The Room Without Doors

I wake up, as always, in the same room. The walls are gray, but I don’t remember if they were always gray or if they simply absorbed the color of my thoughts over time. There is a door, but it does not open. Or maybe it does, and I have forgotten how to turn the handle. In any case, I do not leave.

Loneliness is not an event. It does not arrive with fanfare or explanation. It is a slow accumulation, like dust settling in corners you rarely notice. You do not decide to be alone; you simply wake up one day and realize that no one has knocked on your door for a long time.

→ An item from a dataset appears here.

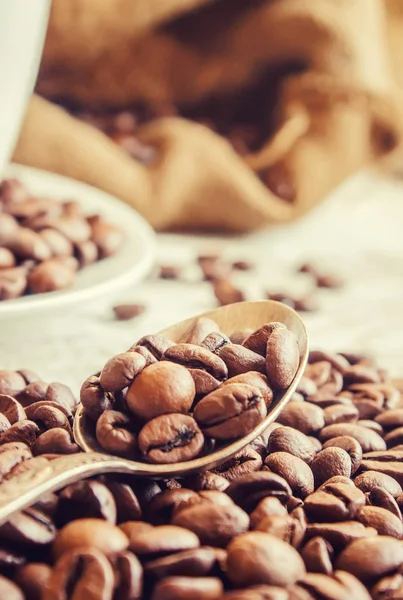 Koffieboon. een kopje koffie. selectieve aandacht. — Stockfoto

At first, I tried to fight it. I wrote letters, but I had no one to send them to. I walked the streets, but the people I passed were like shadows, their faces indistinct, their voices muffled. I tried to summon memories of warmth, of conversation, of touch. But memories are unreliable—paper-thin imitations of something that once had weight. Eventually, even they began to fade.

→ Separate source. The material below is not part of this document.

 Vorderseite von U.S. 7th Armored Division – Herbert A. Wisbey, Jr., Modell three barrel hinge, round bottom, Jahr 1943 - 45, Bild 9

There is a man who sometimes appears in my dreams. He wears a hat, smokes a cigarette, and speaks in riddles. Last night, he sat across from me at a café that no longer exists and stirred his coffee without drinking it.

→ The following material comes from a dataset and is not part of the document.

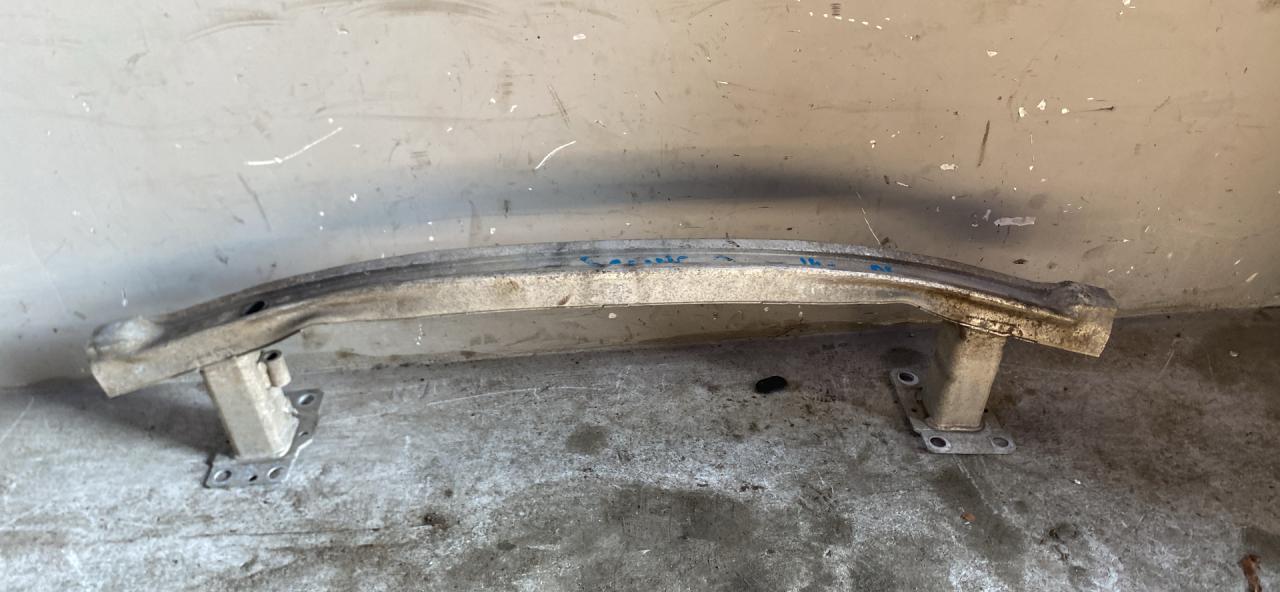 усилитель бампера переднего Renault Scenic 3 поколение (2009 - 2012), 752100015R - фото №1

“You are mistaken,” he said. “You think loneliness is an absence, but it is not. It is a presence.”

“A presence?” I asked.

“Yes,” he said. “Like fog. Like hunger. It fills the spaces between things. It grows when you try to ignore it.”

I woke up before I could ask him what to do.

This morning, I stood in front of the mirror for a long time. My reflection looked unfamiliar, like a photograph left in the sun too long. I touched the glass, as if trying to confirm my own solidity. I wondered, briefly, if I had become a ghost. But no—ghosts haunt others. I haunt only myself.

Outside, the world continues. People board trains, read newspapers, fall in love, make mistakes, grow old. I remain here, in my room without doors, waiting for something that will not come.

Perhaps the man in my dream was right. Loneliness is not an absence. It is a thing with shape and substance. It sits beside me as I write this. It watches over my shoulder. It will be here tomorrow.

And the day after that.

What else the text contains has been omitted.